> **WORK REQUEST**
Hand back all of the records exactly as they read.

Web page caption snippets
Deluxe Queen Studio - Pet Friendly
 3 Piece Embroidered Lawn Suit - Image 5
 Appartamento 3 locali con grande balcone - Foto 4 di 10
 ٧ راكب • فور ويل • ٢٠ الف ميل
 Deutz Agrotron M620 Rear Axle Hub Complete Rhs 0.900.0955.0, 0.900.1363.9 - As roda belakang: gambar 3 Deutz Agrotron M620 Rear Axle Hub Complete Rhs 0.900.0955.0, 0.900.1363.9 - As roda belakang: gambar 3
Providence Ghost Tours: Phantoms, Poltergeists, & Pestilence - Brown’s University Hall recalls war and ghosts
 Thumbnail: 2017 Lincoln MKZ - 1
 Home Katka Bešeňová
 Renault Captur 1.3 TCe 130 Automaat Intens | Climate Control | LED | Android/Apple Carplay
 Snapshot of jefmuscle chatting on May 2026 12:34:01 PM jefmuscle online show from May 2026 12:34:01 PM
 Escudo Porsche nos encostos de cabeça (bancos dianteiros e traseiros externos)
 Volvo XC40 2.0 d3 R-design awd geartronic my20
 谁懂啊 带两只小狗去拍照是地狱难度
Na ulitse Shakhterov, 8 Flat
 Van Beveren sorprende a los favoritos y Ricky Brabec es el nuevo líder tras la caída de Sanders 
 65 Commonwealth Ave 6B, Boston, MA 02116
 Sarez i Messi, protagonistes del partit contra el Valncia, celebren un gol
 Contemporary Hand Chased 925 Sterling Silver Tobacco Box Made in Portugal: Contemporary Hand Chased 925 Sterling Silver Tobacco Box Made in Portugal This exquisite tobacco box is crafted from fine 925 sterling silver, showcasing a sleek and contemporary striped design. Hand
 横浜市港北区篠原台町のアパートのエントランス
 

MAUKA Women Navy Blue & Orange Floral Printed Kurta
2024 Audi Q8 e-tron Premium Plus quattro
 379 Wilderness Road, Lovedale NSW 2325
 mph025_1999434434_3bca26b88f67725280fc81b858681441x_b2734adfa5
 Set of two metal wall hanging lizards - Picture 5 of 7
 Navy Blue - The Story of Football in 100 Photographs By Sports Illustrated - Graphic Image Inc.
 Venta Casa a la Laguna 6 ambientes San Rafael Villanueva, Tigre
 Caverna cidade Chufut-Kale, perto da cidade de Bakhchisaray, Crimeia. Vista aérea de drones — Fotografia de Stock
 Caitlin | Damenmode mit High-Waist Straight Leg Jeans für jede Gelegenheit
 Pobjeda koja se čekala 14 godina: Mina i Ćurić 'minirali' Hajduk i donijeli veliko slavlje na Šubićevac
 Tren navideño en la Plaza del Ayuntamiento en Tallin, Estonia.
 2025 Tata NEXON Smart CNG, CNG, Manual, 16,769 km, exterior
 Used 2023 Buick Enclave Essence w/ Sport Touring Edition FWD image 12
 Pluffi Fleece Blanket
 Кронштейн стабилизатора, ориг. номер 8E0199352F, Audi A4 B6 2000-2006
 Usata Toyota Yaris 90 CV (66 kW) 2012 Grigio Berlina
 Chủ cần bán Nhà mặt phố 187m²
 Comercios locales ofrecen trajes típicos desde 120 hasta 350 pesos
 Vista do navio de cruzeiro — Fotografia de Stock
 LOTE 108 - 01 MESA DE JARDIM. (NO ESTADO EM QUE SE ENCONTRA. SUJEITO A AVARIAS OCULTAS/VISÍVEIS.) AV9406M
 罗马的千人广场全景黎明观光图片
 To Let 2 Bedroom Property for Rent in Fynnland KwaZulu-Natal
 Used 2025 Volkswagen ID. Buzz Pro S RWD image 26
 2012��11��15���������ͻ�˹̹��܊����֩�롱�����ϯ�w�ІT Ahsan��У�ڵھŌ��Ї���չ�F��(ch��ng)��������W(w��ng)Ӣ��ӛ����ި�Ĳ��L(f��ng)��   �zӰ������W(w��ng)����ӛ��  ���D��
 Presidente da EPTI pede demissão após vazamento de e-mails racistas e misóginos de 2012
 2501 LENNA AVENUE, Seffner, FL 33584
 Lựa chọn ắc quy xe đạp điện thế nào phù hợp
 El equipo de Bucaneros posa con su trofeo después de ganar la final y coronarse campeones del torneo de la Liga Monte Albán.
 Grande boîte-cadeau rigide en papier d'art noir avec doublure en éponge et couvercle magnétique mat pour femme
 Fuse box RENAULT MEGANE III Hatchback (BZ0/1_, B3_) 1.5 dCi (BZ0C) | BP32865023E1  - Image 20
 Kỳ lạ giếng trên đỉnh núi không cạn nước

> **EXPECTED OUTPUT**
Deluxe Queen Studio - Pet Friendly
 3 Piece Embroidered Lawn Suit - Image 5
 Appartamento 3 locali con grande balcone - Foto 4 di 10
 ٧ راكب • فور ويل • ٢٠ الف ميل
 Deutz Agrotron M620 Rear Axle Hub Complete Rhs 0.900.0955.0, 0.900.1363.9 - As roda belakang: gambar 3 Deutz Agrotron M620 Rear Axle Hub Complete Rhs 0.900.0955.0, 0.900.1363.9 - As roda belakang: gambar 3
Providence Ghost Tours: Phantoms, Poltergeists, & Pestilence - Brown’s University Hall recalls war and ghosts
 Thumbnail: 2017 Lincoln MKZ - 1
 Home Katka Bešeňová
 Renault Captur 1.3 TCe 130 Automaat Intens | Climate Control | LED | Android/Apple Carplay
 Snapshot of jefmuscle chatting on May 2026 12:34:01 PM jefmuscle online show from May 2026 12:34:01 PM
 Escudo Porsche nos encostos de cabeça (bancos dianteiros e traseiros externos)
 Volvo XC40 2.0 d3 R-design awd geartronic my20
 谁懂啊 带两只小狗去拍照是地狱难度
Na ulitse Shakhterov, 8 Flat
 Van Beveren sorprende a los favoritos y Ricky Brabec es el nuevo líder tras la caída de Sanders 
 65 Commonwealth Ave 6B, Boston, MA 02116
 Sarez i Messi, protagonistes del partit contra el Valncia, celebren un gol
 Contemporary Hand Chased 925 Sterling Silver Tobacco Box Made in Portugal: Contemporary Hand Chased 925 Sterling Silver Tobacco Box Made in Portugal This exquisite tobacco box is crafted from fine 925 sterling silver, showcasing a sleek and contemporary striped design. Hand
 横浜市港北区篠原台町のアパートのエントランス
 

MAUKA Women Navy Blue & Orange Floral Printed Kurta
2024 Audi Q8 e-tron Premium Plus quattro
 379 Wilderness Road, Lovedale NSW 2325
 mph025_1999434434_3bca26b88f67725280fc81b858681441x_b2734adfa5
 Set of two metal wall hanging lizards - Picture 5 of 7
 Navy Blue - The Story of Football in 100 Photographs By Sports Illustrated - Graphic Image Inc.
 Venta Casa a la Laguna 6 ambientes San Rafael Villanueva, Tigre
 Caverna cidade Chufut-Kale, perto da cidade de Bakhchisaray, Crimeia. Vista aérea de drones — Fotografia de Stock
 Caitlin | Damenmode mit High-Waist Straight Leg Jeans für jede Gelegenheit
 Pobjeda koja se čekala 14 godina: Mina i Ćurić 'minirali' Hajduk i donijeli veliko slavlje na Šubićevac
 Tren navideño en la Plaza del Ayuntamiento en Tallin, Estonia.
 2025 Tata NEXON Smart CNG, CNG, Manual, 16,769 km, exterior
 Used 2023 Buick Enclave Essence w/ Sport Touring Edition FWD image 12
 Pluffi Fleece Blanket
 Кронштейн стабилизатора, ориг. номер 8E0199352F, Audi A4 B6 2000-2006
 Usata Toyota Yaris 90 CV (66 kW) 2012 Grigio Berlina
 Chủ cần bán Nhà mặt phố 187m²
 Comercios locales ofrecen trajes típicos desde 120 hasta 350 pesos
 Vista do navio de cruzeiro — Fotografia de Stock
 LOTE 108 - 01 MESA DE JARDIM. (NO ESTADO EM QUE SE ENCONTRA. SUJEITO A AVARIAS OCULTAS/VISÍVEIS.) AV9406M
 罗马的千人广场全景黎明观光图片
 To Let 2 Bedroom Property for Rent in Fynnland KwaZulu-Natal
 Used 2025 Volkswagen ID. Buzz Pro S RWD image 26
 2012��11��15���������ͻ�˹̹��܊����֩�롱�����ϯ�w�ІT Ahsan��У�ڵھŌ��Ї���չ�F��(ch��ng)��������W(w��ng)Ӣ��ӛ����ި�Ĳ��L(f��ng)��   �zӰ������W(w��ng)����ӛ��  ���D��
 Presidente da EPTI pede demissão após vazamento de e-mails racistas e misóginos de 2012
 2501 LENNA AVENUE, Seffner, FL 33584
 Lựa chọn ắc quy xe đạp điện thế nào phù hợp
 El equipo de Bucaneros posa con su trofeo después de ganar la final y coronarse campeones del torneo de la Liga Monte Albán.
 Grande boîte-cadeau rigide en papier d'art noir avec doublure en éponge et couvercle magnétique mat pour femme
 Fuse box RENAULT MEGANE III Hatchback (BZ0/1_, B3_) 1.5 dCi (BZ0C) | BP32865023E1  - Image 20
 Kỳ lạ giếng trên đỉnh núi không cạn nước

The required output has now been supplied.